Wie jedes Jahr um diese Zeit kommt er wieder, mein ganz persönlicher Fluchtreflex. Wenn es draußen grauer und grauer wird, und der schneidende Wind direkt aus den weiten Ebenen Sibiriens zu kommen scheint, hebt sich mein Herz hinweg und sucht sich in der Ferne ein Ziel. Warum nicht einmal alles auf eine Karte setzen und nach China gehen? Wäre Argentinien nicht einmal eine gute Gelegenheit, die eingerosteten Spanischkenntnisse auf Vordermann zu bringen? Und in Indien hat's dir doch gut gefallen, oder?
Wie gut es mir auch immer irgendwo gefallen hat, ob Urlaubsort oder fester Wohnsitz, immer kam einmal der Tag, an dem mich das Gefühl erfasste: Ich muss hier weg. Alles hinter mir lassen. Noch mal neu anfangen.
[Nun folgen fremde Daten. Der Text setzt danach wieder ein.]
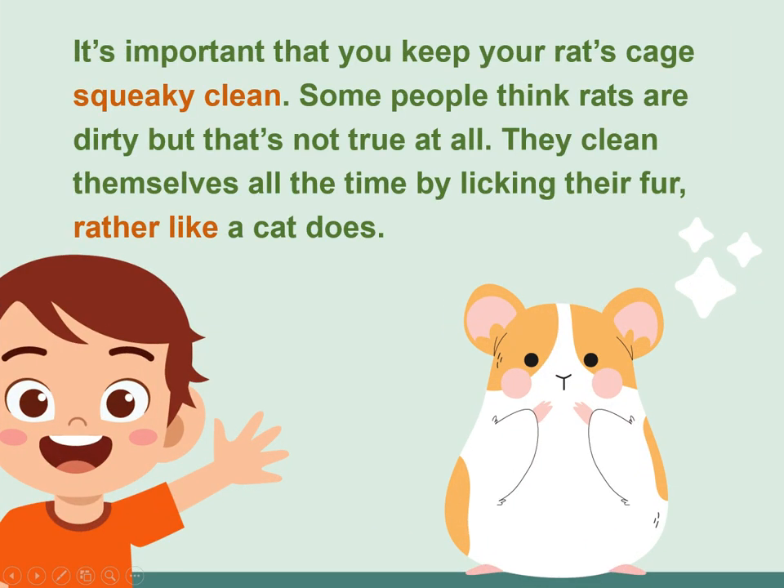It's important that you keep your rat's cage squeaky clean. Some people think rats are dirty, but that's not true at all. They clean themselves all the time by licking their fur, rather like a cat does.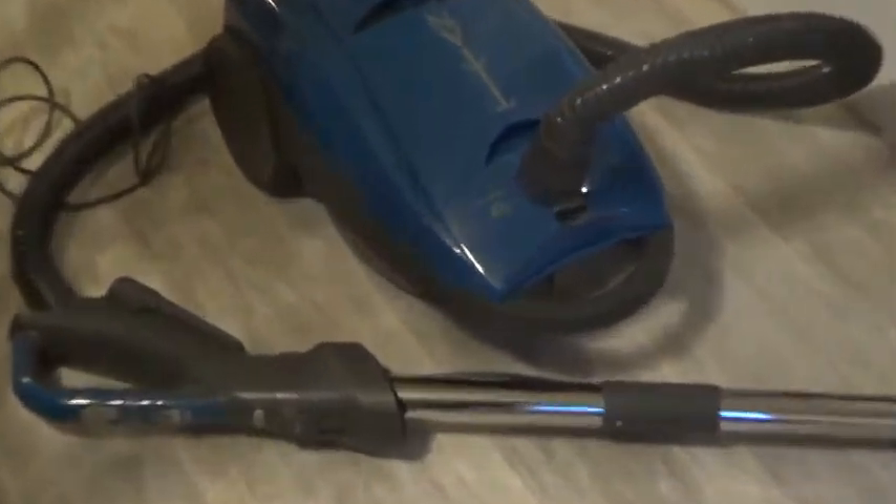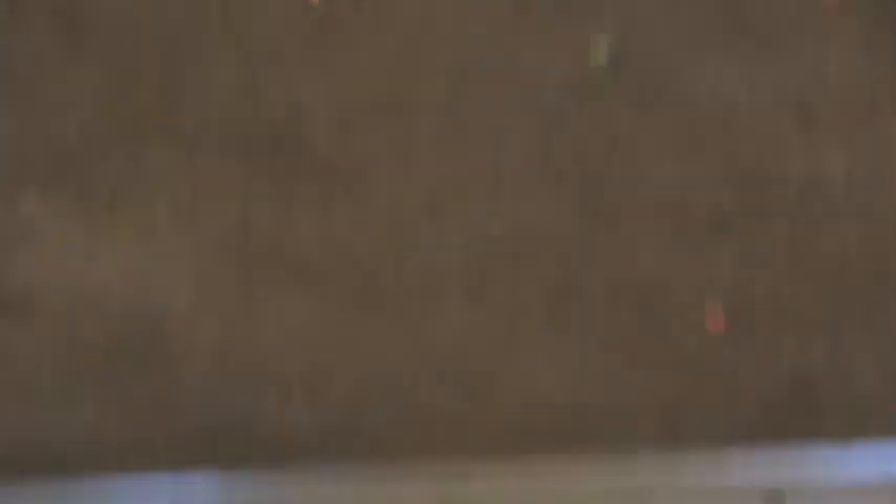We have a few different tests to do. First, we have a sand test. Everything that the Roomba doesn't clean up, the other vacuum will clean up — our newer vacuum, the Titan T9200. We got the sand test on both carpet and hard floor, which will be the fine debris test, and then we got Fruit Loops with a few Fruit Loop marshmallows mixed in on hard floor and carpet too. So we'll start on the sand one.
Fremde unter Fremden werden anstatt Fremde unter Freunden bleiben.
In solchen Momenten werden Flugpläne zu meinen intimen Vertrauten. Wenn der Kontostand es zuließe, so der wandernde Mauspfeil, dann würde ich zuerst dorthin, dann hierhin und nachher käme dann noch das Ende der Welt in Frage.
Dann ruft die Freundin aus Wien an und jammert ein wenig, dass sie mal wieder wegfahren muss. Es sei gerade so öde, die Jobsituation unbefriedigender denn je und der Göttergatte zeichnete sich auch nicht gerade durch Hundertprozentigkeit aus. "Geht mir auch so", sage ich und muss lächeln. Wir sind schon ein paar Nomaden in Gedanken.